Repeat, please, exactly the lines from the one that has "Mahwash happy logo" through the end of the records below, with pictures dropped.

++++ INFORMATION PROVIDED ++++

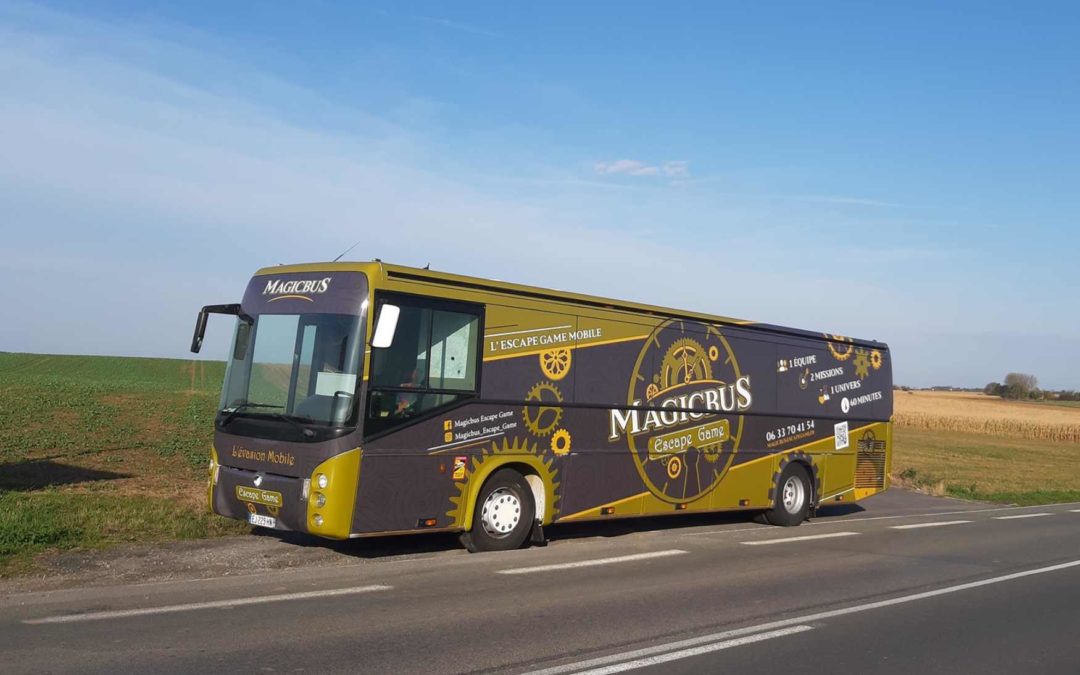 Team building bus l’apothicaire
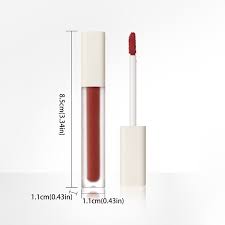 hsmqhjwe peach lipstick long lasting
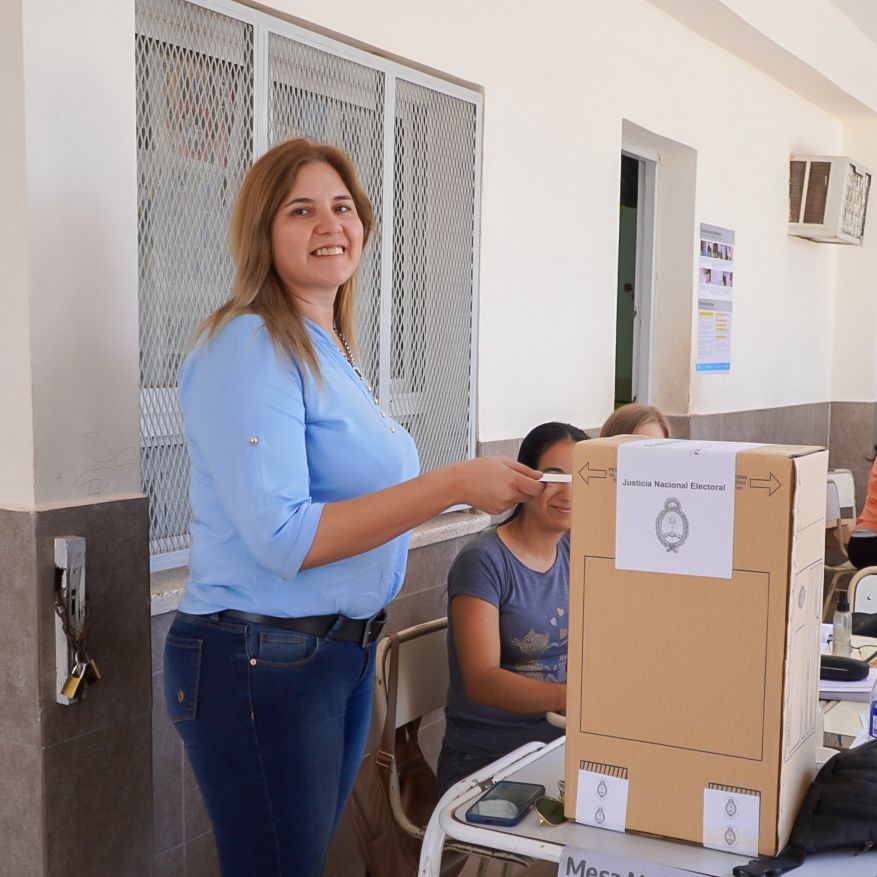El Frente Cívico se impuso nuevamente en las elecciones en Pampa de los Guanacos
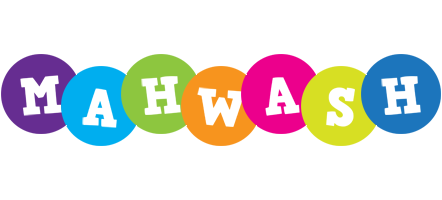 Mahwash happy logo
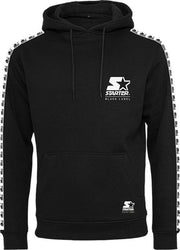 Heren Starter Logo Taped Hoody zwart l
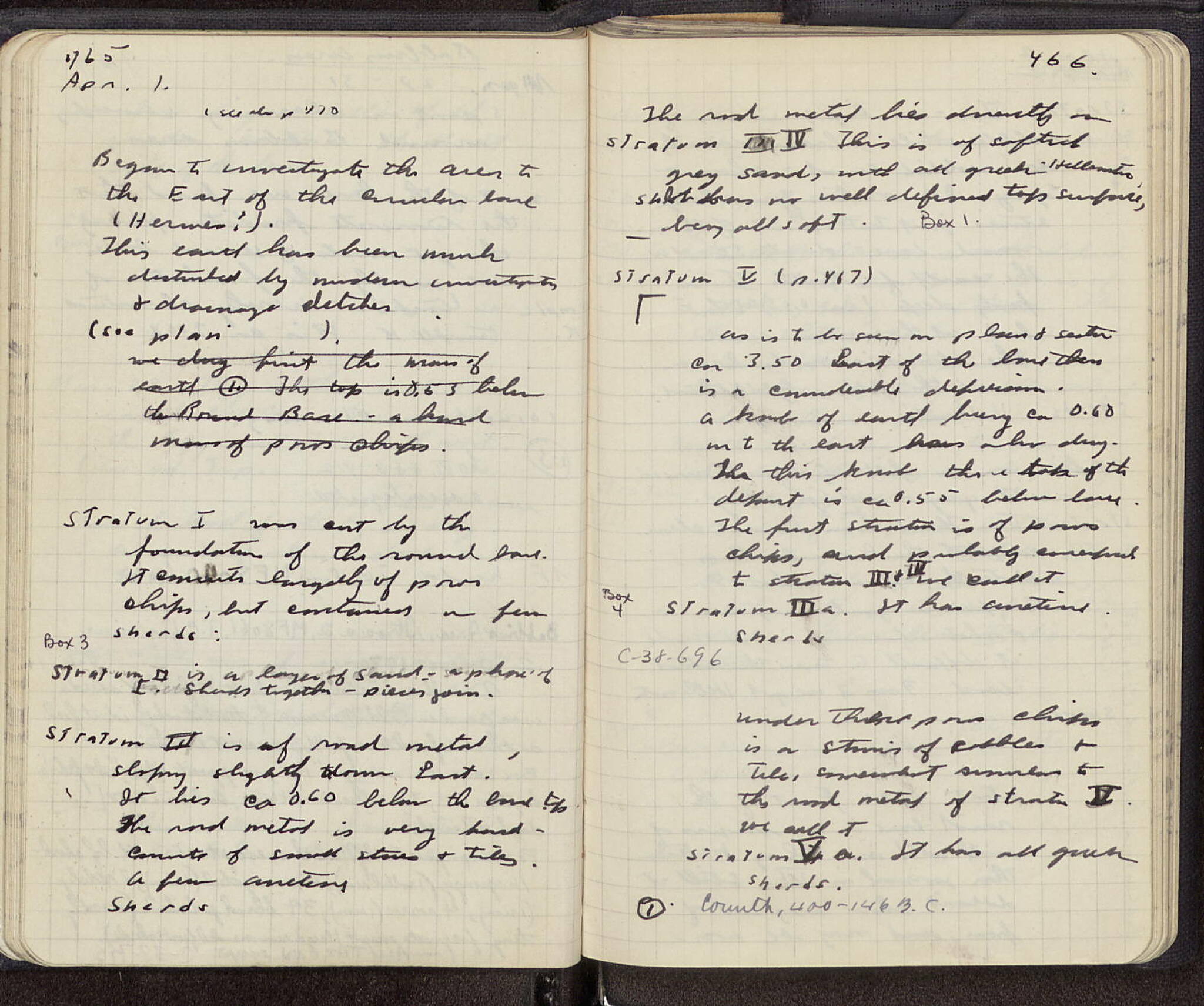 Notebook Spread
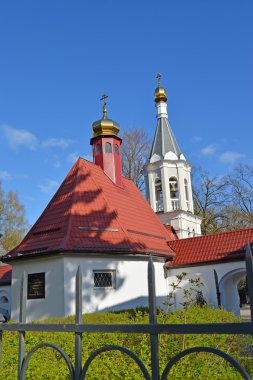 Cebrail Kaliningrad cemeterial Kilisesi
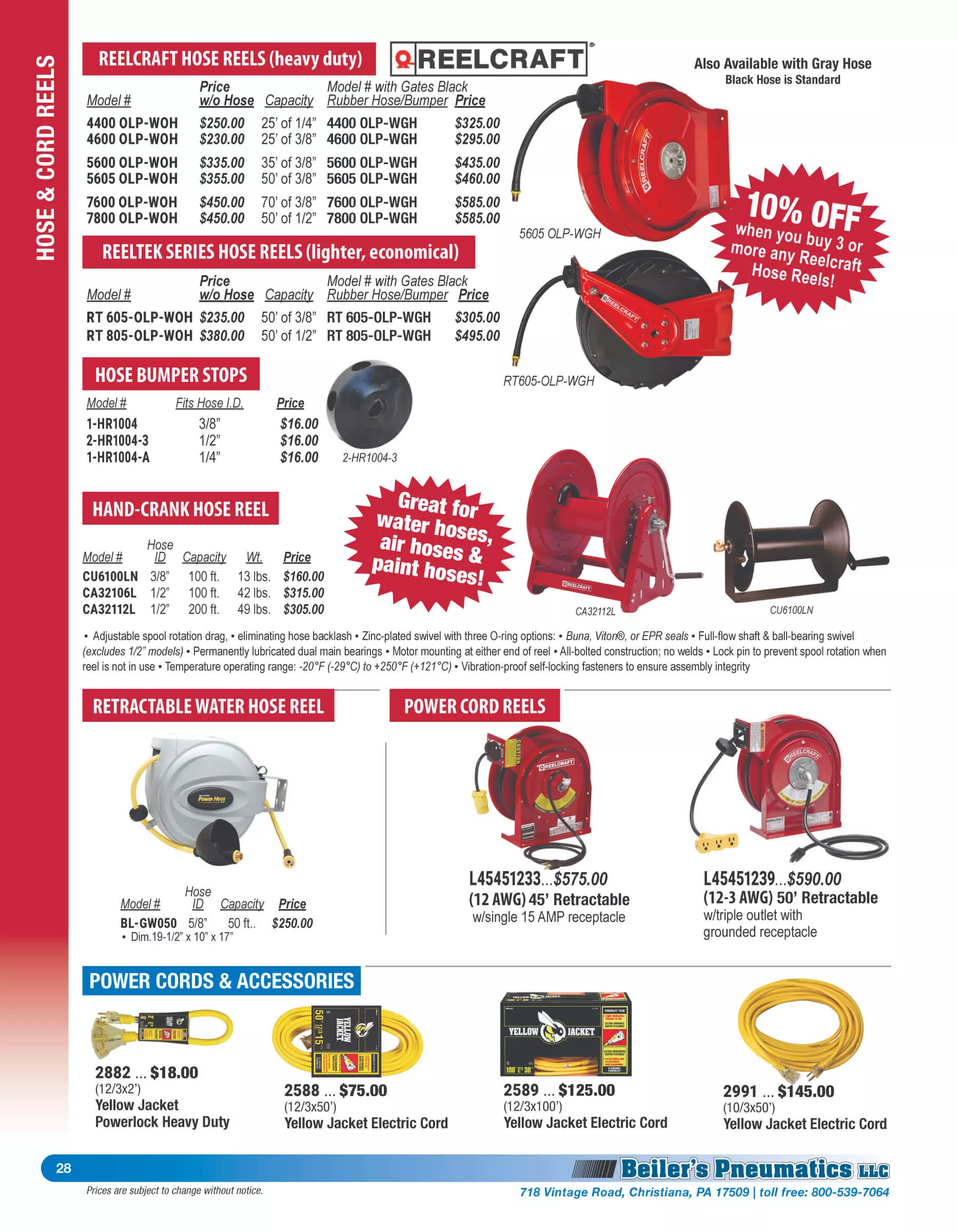 Beiler’s Pneumatics Just Plain Business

++++

ANSWER AREA:
 Mahwash happy logo
 Heren Starter Logo Taped Hoody zwart l
 Notebook Spread
 Cebrail Kaliningrad cemeterial Kilisesi
 Beiler’s Pneumatics Just Plain Business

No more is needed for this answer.